What role does your faith play in determining who you vote for for president of the United States? What role should a candidate’s faith play in determining his or her fitness for office?

Our country is just about three months away from conducting a presidential election. The Republican National Convention begins next week and the Democratic one the week after. Once again, we Christians begin asking the hard questions about politics and faith.


A majority of Americans believe it important that the president be a religious individual.  Though the United States Constitution sates, “No religious test shall ever be required as a qualification to any office or public trust under the United States,” this only prohibits federal and state governments (and presumably local governments as well) from requiring persons holding public office to hold particular religious beliefs. This does not prohibit individual voters from taking a candidate’s religious beliefs into account when making a decision about whom they will vote for.

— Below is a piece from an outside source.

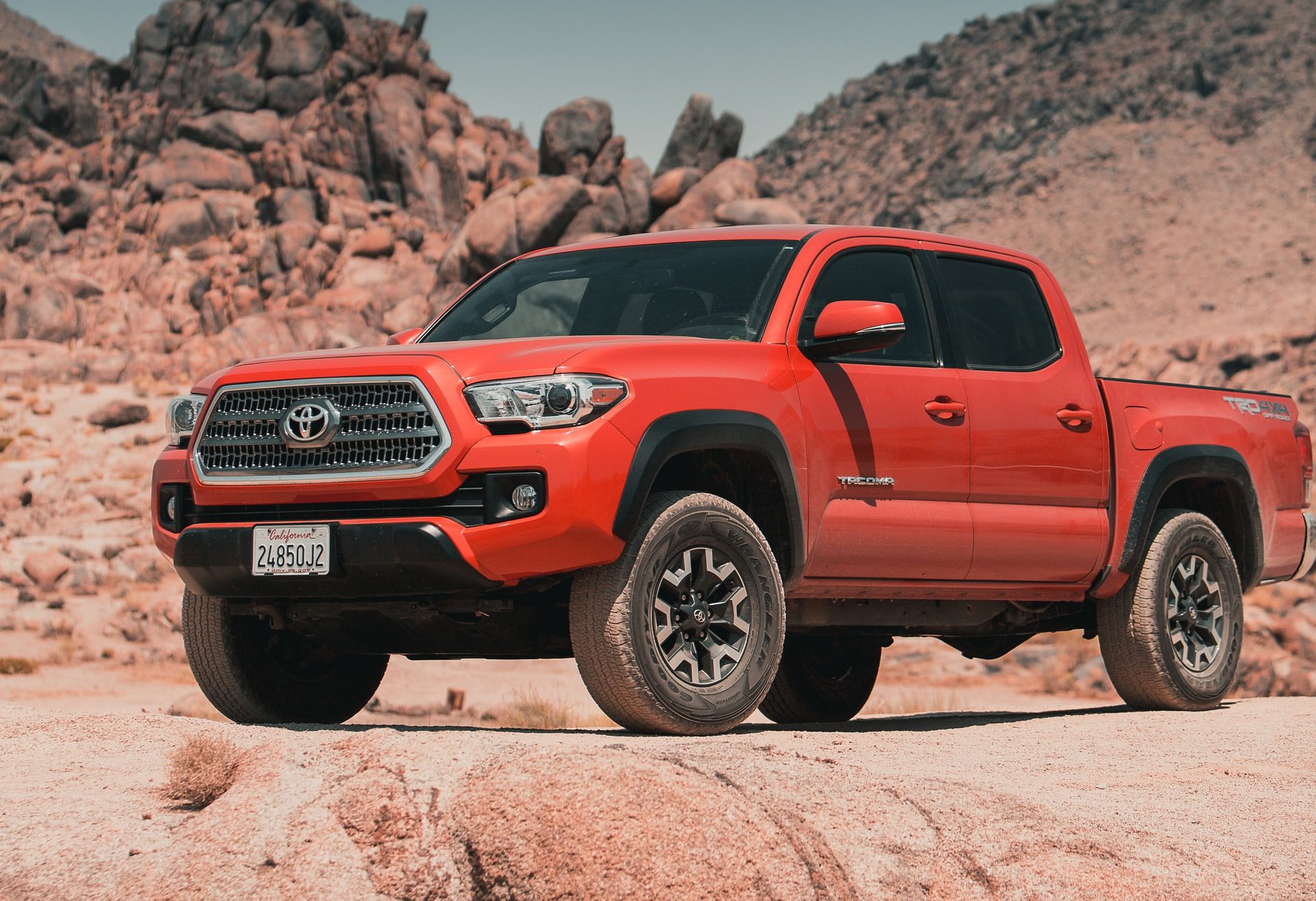 The 5 Best Tacoma Leveling Kits in 2023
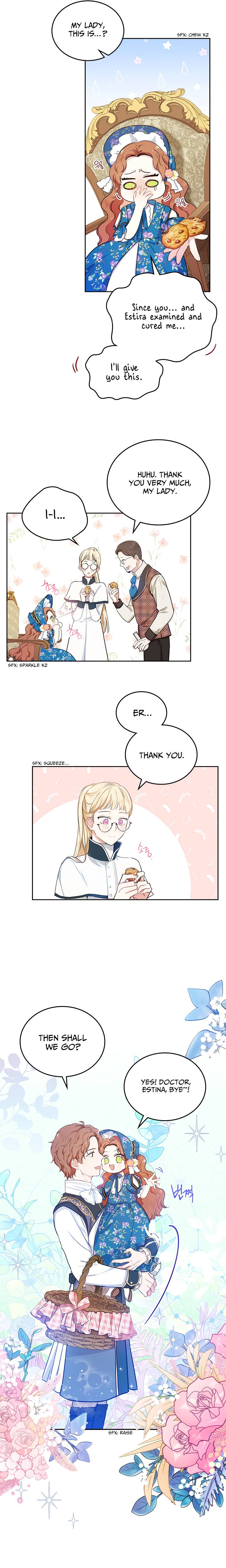 Read I’ll Be The Matriarch In This Life  Manga Online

In fact, a candidate’s religious beliefs and practices, are very important for a voter to consider. My sense of this is based upon my own experience of how my faith affects the decisions I make and how I live my life.  Nearly every decision I make is somehow shaped by my desire to follow Jesus Christ and by the things that he taught.


So, what do we know about the faiths of Mitt Romney and President Obama?  Both men claim to be followers of Jesus Christ.   President Obama came to faith and was baptized in a United Church of Christ (UCC). The UCC is a mainline Protestant denomination.  I have several friends who have spoken with the President about his faith, and they contend that his faith in Christ is authentic and an important part of his life.  


Mitt Romney comes from the Mormon tradition. In several areas Mormon theological convictions differ from mainstream Christianity but they share in common with mainstream Christianity a desire to follow Jesus Christ. My experience with most Mormons I've met is that they are, like mainstream Christians, earnest in their desire to follow Jesus.


My point is this:  to the degree that each of these men is seeking to follow Jesus Christ they will seek to love God and neighbor.  They will long to “do justice, and to love kindness,/ and to walk humbly with…God” (Micah 6:8).  And they will seek to do unto others as they would done unto themselves.  Both President Obama and candidate Romney claim these basic convictions and practices.


What I'm anxious to see, during the campaign this fall, is how each of these men applies the ethical convictions and highest ideals of their faith to the issues facing us as a nation.